ENTRIES SUPPLIED:
┄┄┄┄┄┄

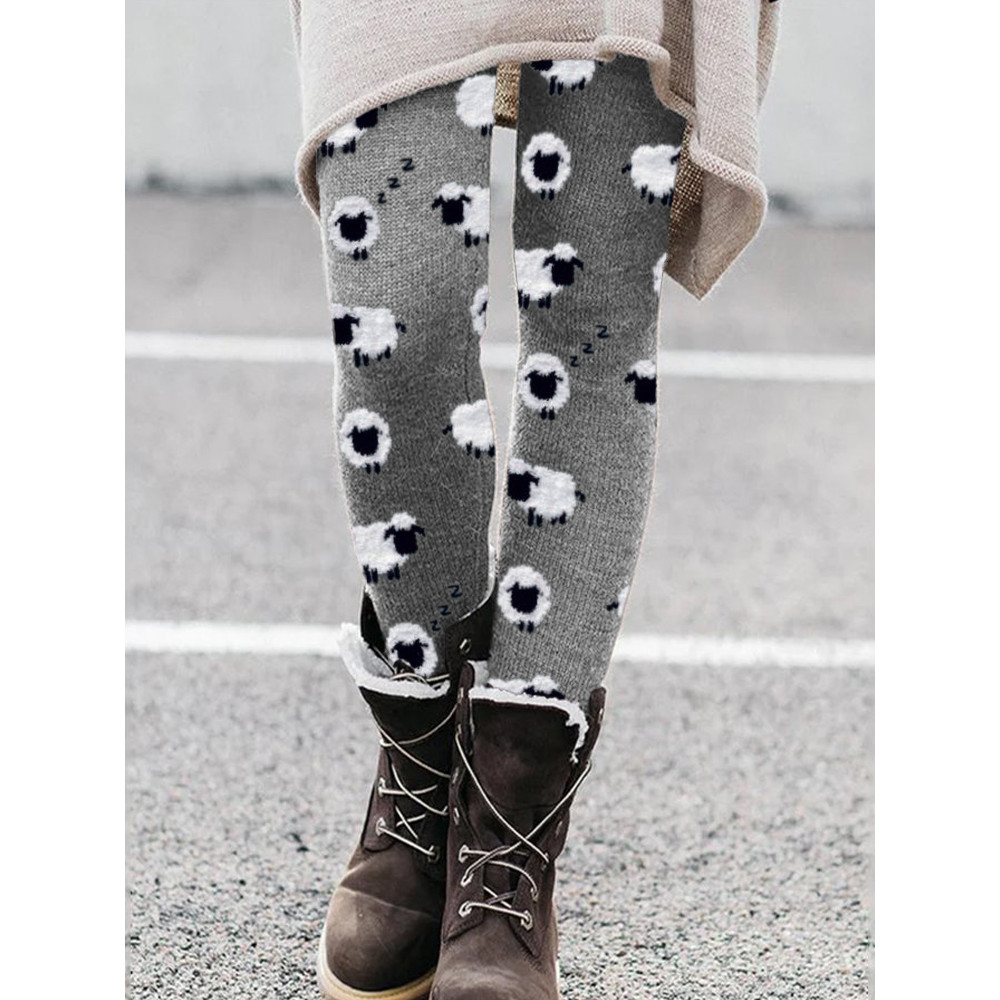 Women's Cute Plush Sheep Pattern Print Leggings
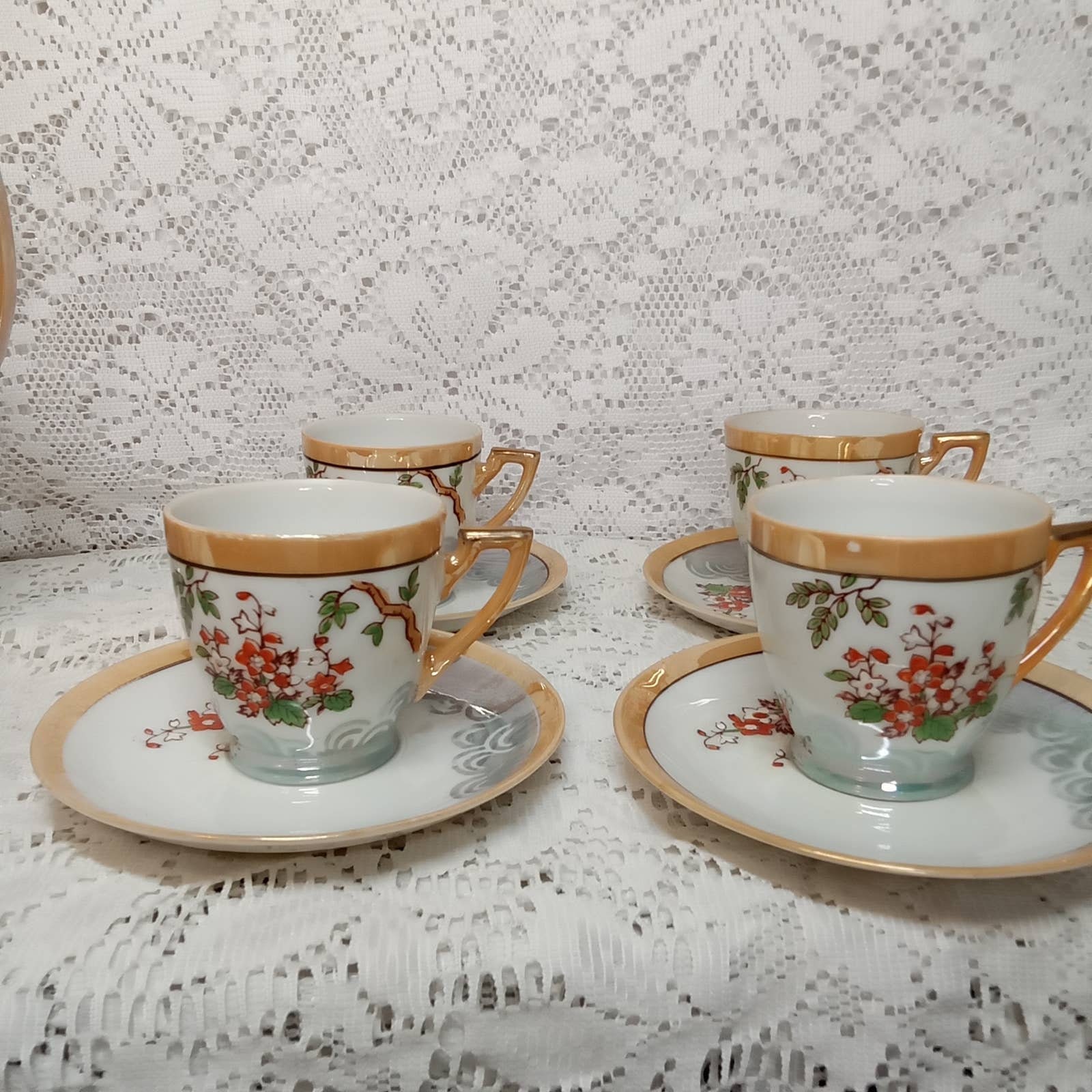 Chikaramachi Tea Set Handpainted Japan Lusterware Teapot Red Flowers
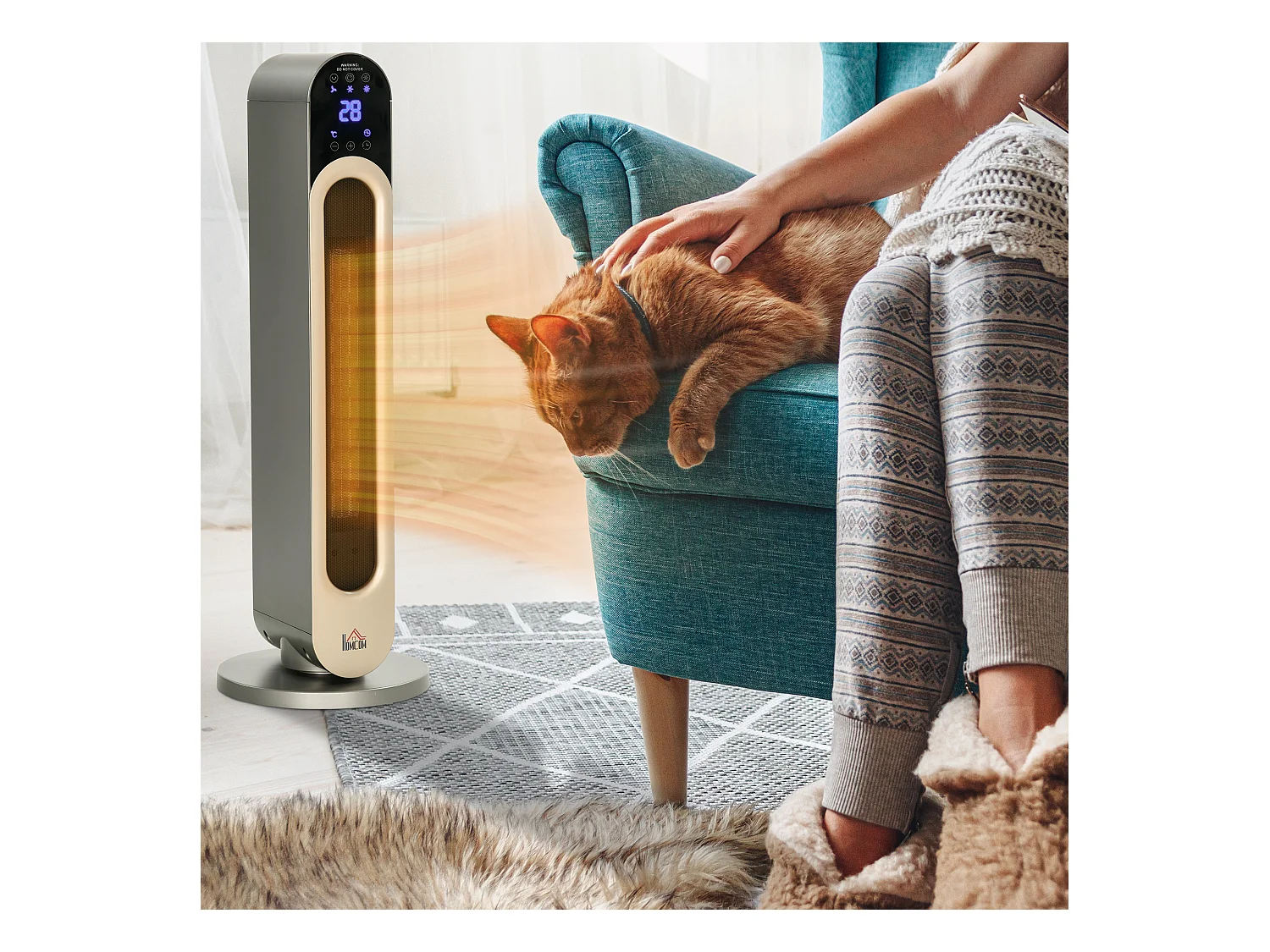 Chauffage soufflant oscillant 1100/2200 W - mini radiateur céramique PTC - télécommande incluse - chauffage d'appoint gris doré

┄┄┄┄┄┄

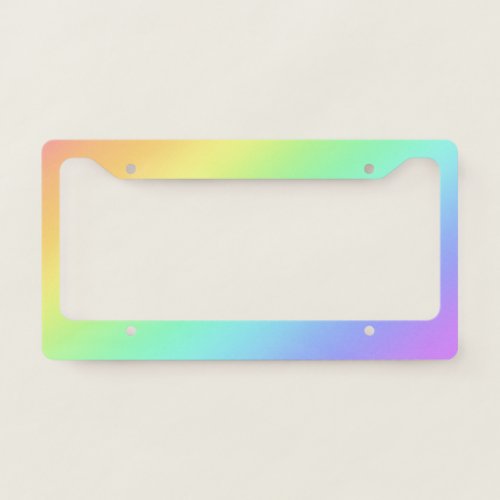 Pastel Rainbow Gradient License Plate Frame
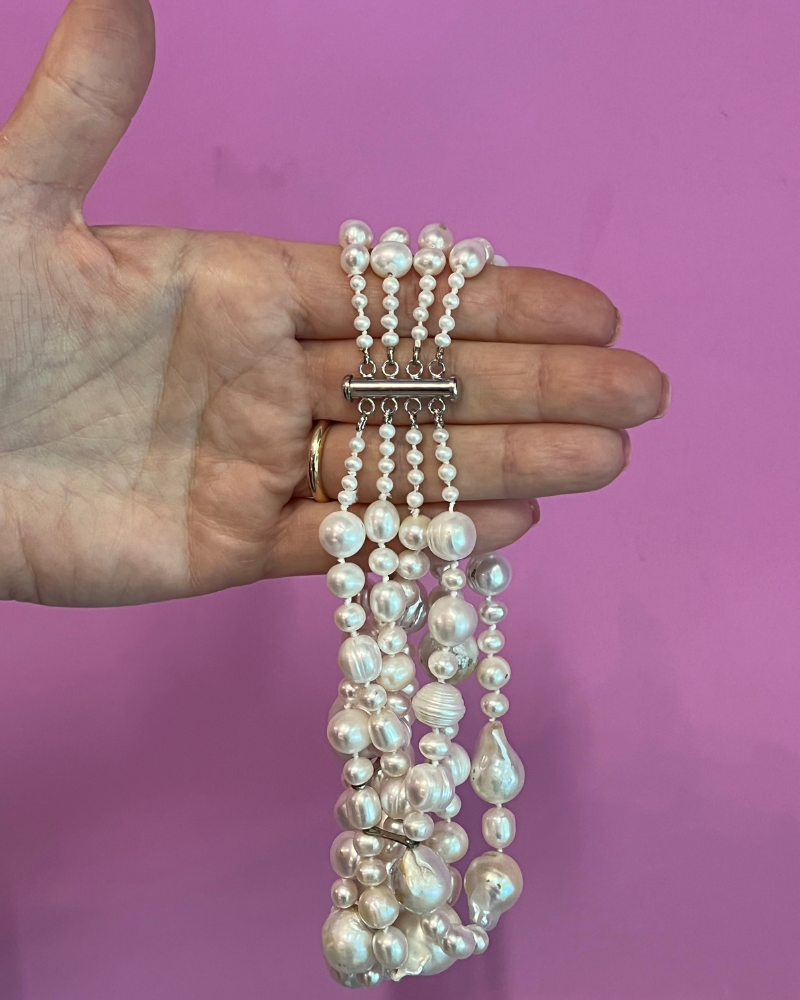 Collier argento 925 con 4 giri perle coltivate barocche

┄┄┄┄┄┄

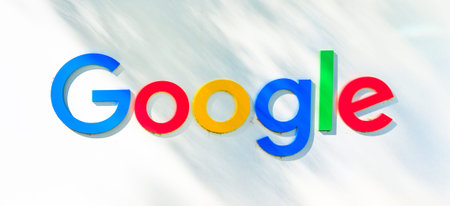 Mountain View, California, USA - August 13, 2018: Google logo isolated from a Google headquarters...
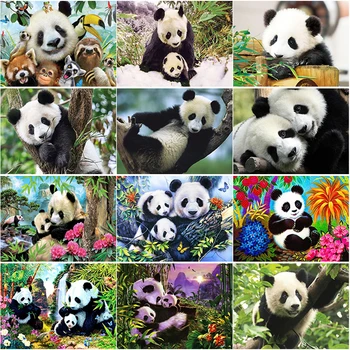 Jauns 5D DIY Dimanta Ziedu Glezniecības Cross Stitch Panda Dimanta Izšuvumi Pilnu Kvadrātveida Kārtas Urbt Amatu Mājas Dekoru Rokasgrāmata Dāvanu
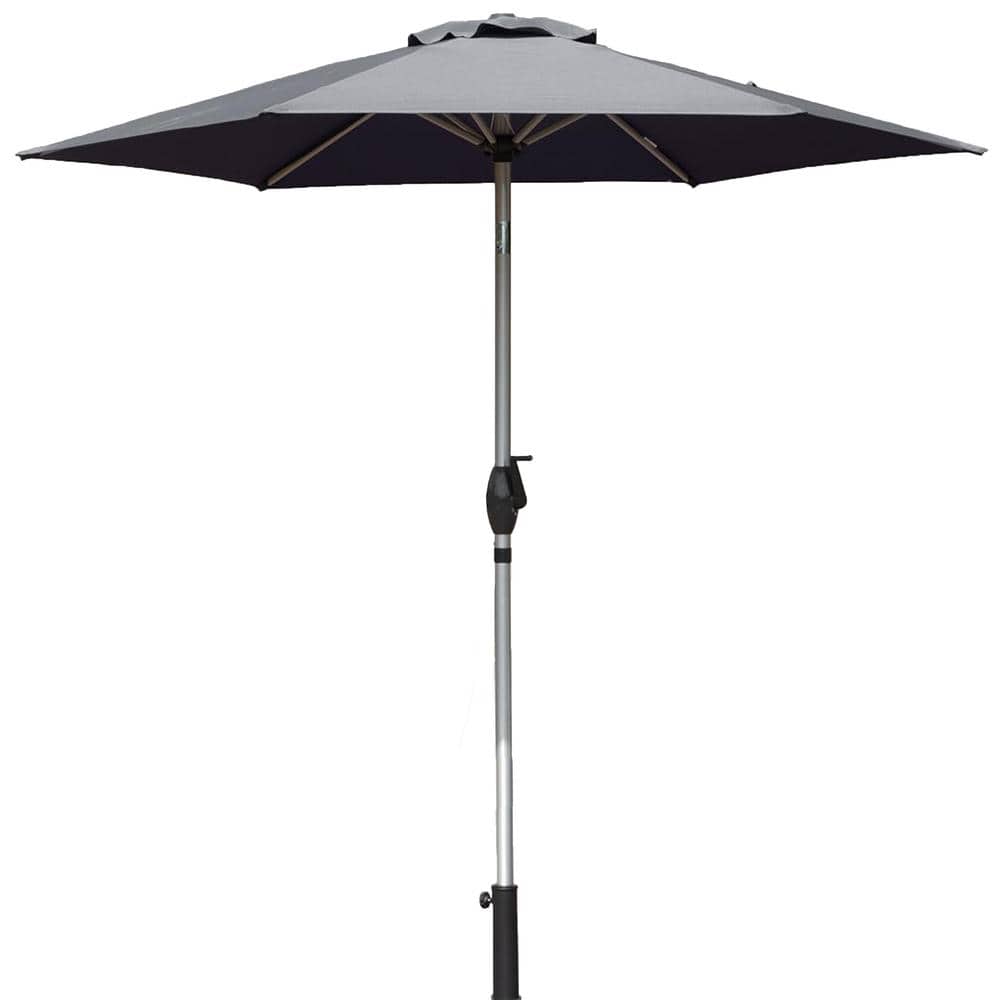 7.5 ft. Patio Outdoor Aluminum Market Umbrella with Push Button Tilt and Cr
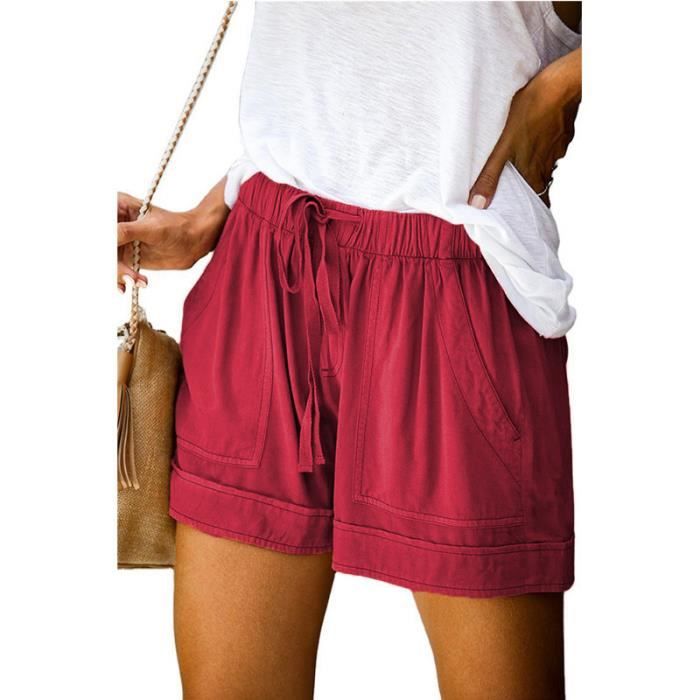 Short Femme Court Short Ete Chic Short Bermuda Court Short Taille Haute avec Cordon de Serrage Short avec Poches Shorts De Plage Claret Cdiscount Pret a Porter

┄┄┄┄┄┄

WORK REQUEST: Word for word, write out the lines above running from the one with "Women's Cute Plush" up to and including the one with "Chauffage soufflant oscillant". Drop any picture.

REPLY TO THE EXERCISE:
 Women's Cute Plush Sheep Pattern Print Leggings
 Chikaramachi Tea Set Handpainted Japan Lusterware Teapot Red Flowers
 Chauffage soufflant oscillant 1100/2200 W - mini radiateur céramique PTC - télécommande incluse - chauffage d'appoint gris doré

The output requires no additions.